# Work order:
Output exactly, and only, the stretch of lines beginning at the line with "this 700×525 image." and ending at the last line of the listing below. Drop the pictures.
┌──
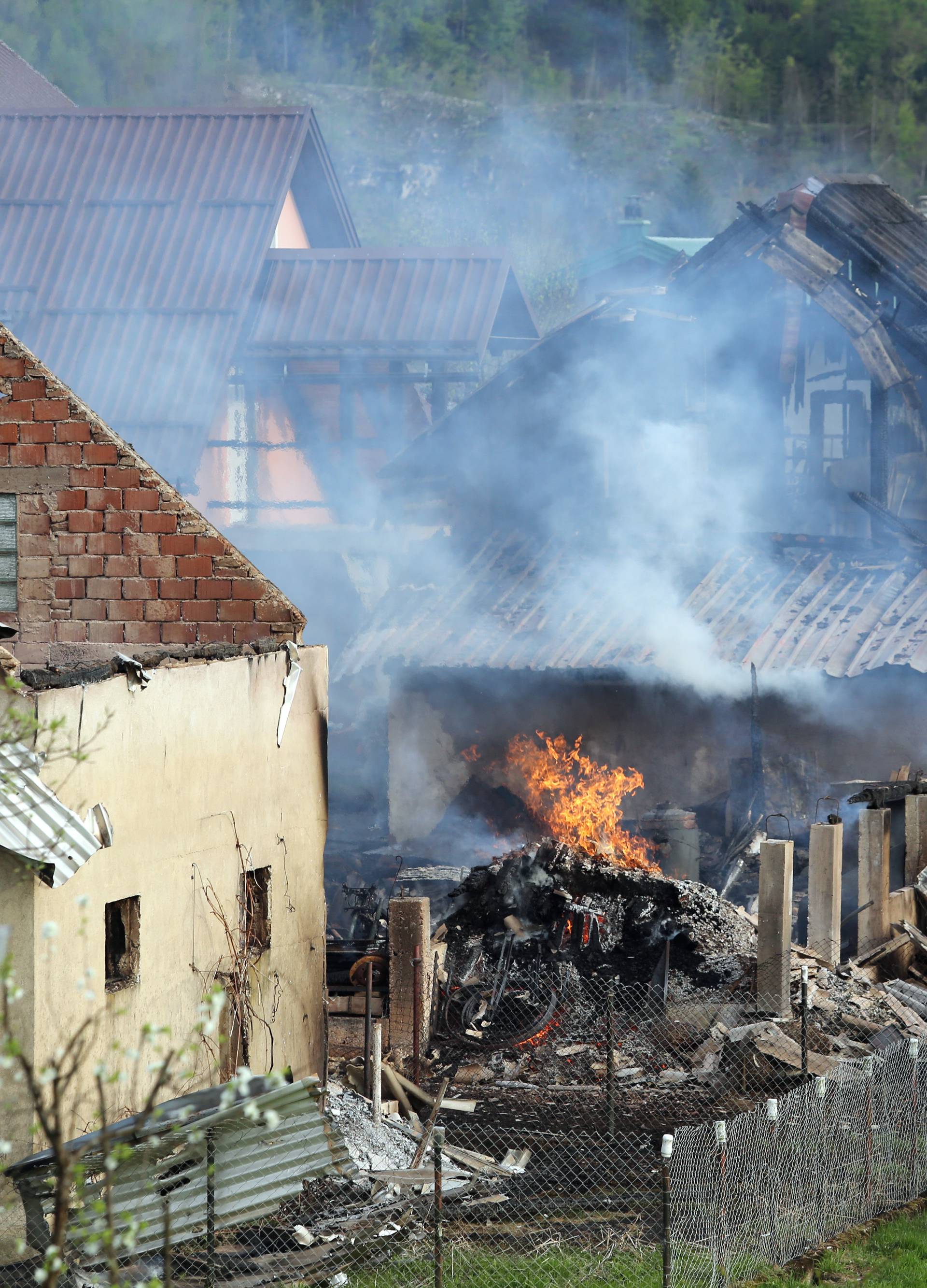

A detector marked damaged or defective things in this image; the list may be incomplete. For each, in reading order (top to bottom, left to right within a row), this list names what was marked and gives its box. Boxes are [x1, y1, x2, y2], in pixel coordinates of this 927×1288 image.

damaged building [0, 321, 330, 1159]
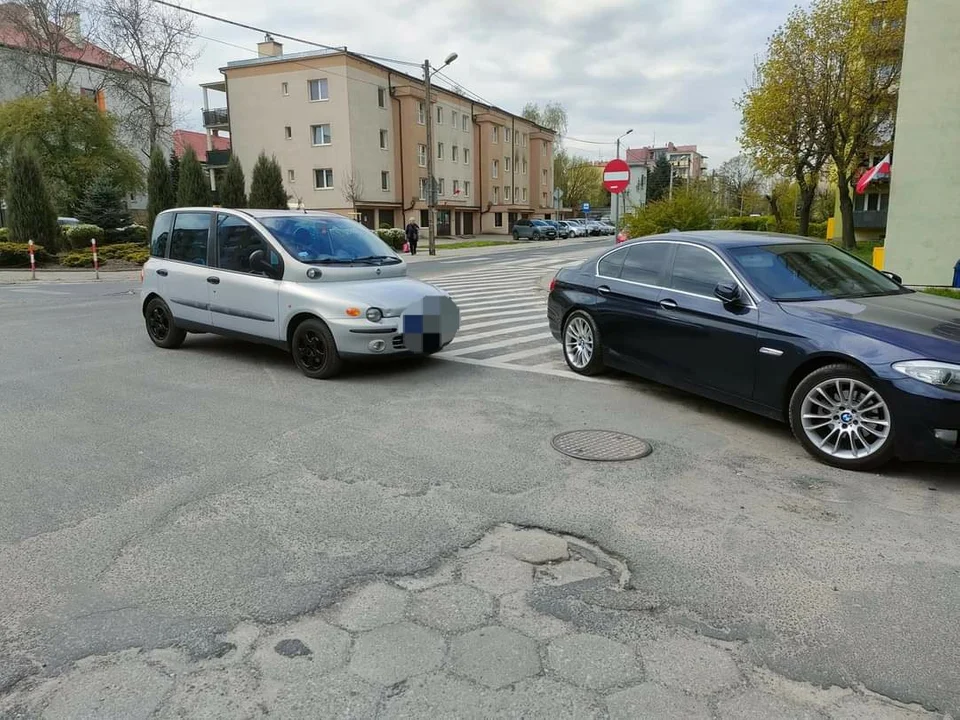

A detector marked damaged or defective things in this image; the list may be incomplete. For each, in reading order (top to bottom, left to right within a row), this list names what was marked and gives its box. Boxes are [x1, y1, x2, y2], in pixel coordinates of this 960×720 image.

cracked asphalt [0, 256, 956, 716]
pothole [552, 428, 656, 462]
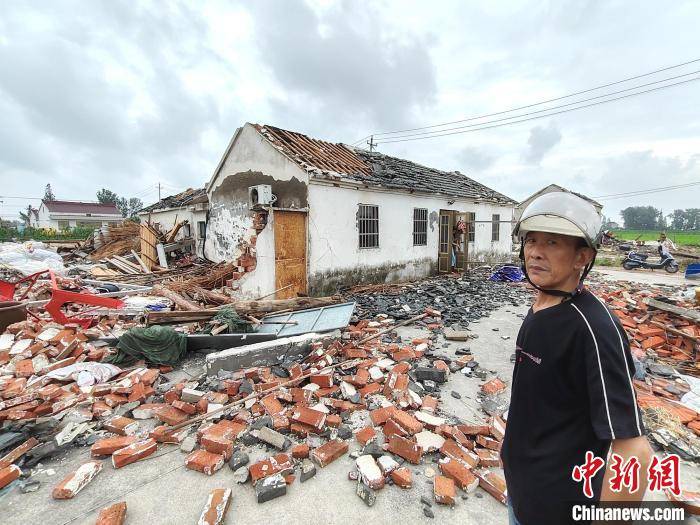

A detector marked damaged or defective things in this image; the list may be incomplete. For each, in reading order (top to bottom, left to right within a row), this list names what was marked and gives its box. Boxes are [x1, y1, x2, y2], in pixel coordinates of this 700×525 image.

broken roof [254, 124, 512, 204]
broken roof [139, 188, 208, 213]
peeling plaster wall [205, 122, 308, 294]
damaged house [205, 122, 516, 298]
peeling plaster wall [306, 182, 516, 292]
broken brick [112, 436, 157, 468]
broken brick [310, 438, 348, 466]
broken brick [52, 460, 102, 498]
broken brick [95, 500, 126, 524]
broken brick [197, 486, 232, 520]
broken brick [434, 472, 456, 506]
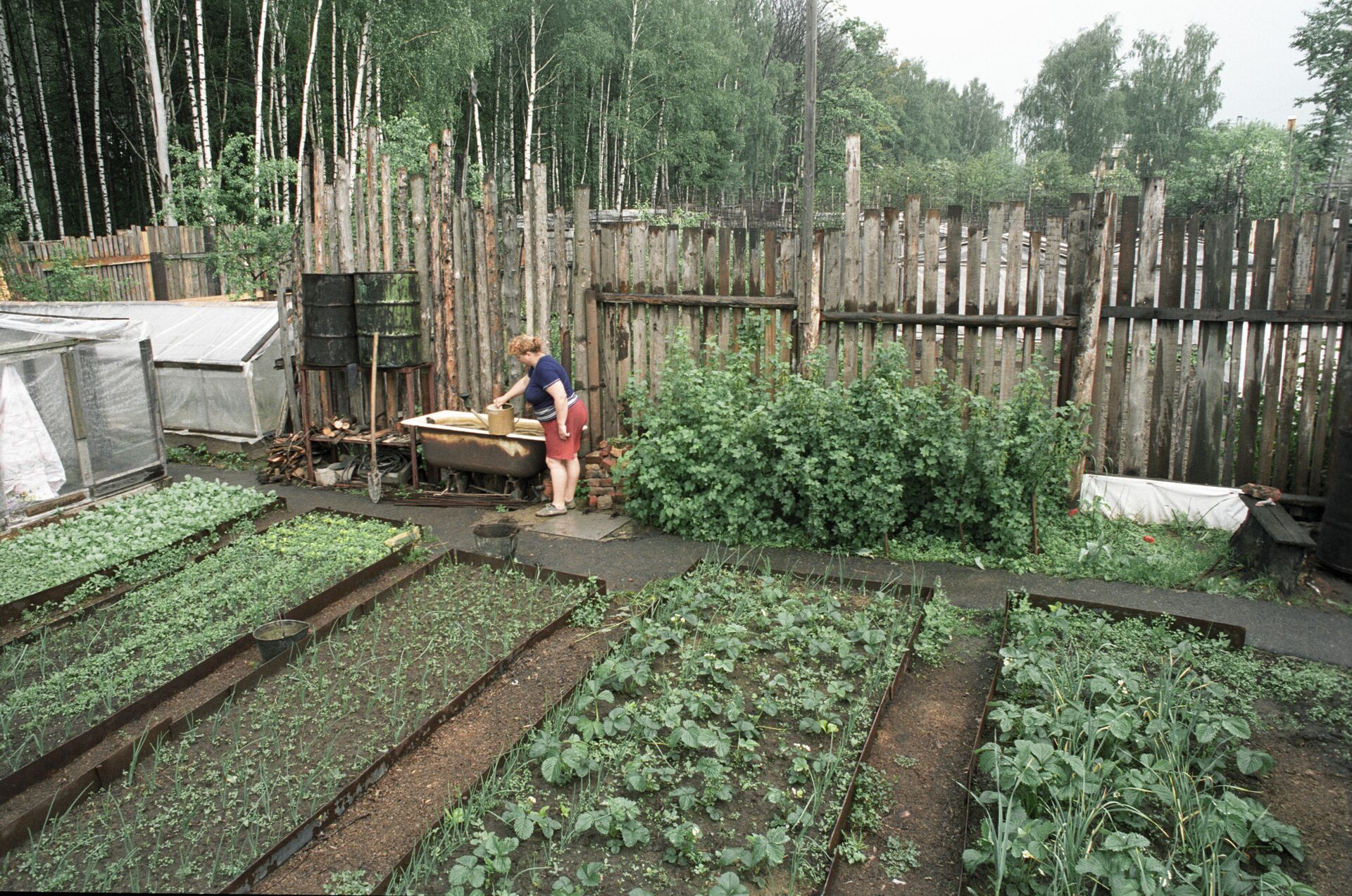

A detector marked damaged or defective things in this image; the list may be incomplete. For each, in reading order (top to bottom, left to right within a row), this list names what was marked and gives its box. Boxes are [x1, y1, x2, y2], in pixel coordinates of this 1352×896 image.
└──
# Exercise answer:
A detector marked damaged or defective things in this image; the list may be incomplete. For each, in reading order (top to bottom, left to right within a row), this list names what was marked and gives its box. Boxes are [x1, y1, x2, y2], in pixel coordinates of this 700×525 image.

broken roof [254, 124, 512, 204]
broken roof [139, 188, 208, 213]
peeling plaster wall [205, 122, 308, 294]
damaged house [205, 122, 516, 298]
peeling plaster wall [306, 182, 516, 292]
broken brick [112, 436, 157, 468]
broken brick [310, 438, 348, 466]
broken brick [52, 460, 102, 498]
broken brick [95, 500, 126, 524]
broken brick [197, 486, 232, 520]
broken brick [434, 472, 456, 506]

A detector marked damaged or defective things in this image; the list may be incomplete. For each, in reading order (top to bottom, left to right within a row), this list names what was marked and gives its box. Boxes are [x1, y1, x2, y2], in pixel coordinates of this 1352×896 image.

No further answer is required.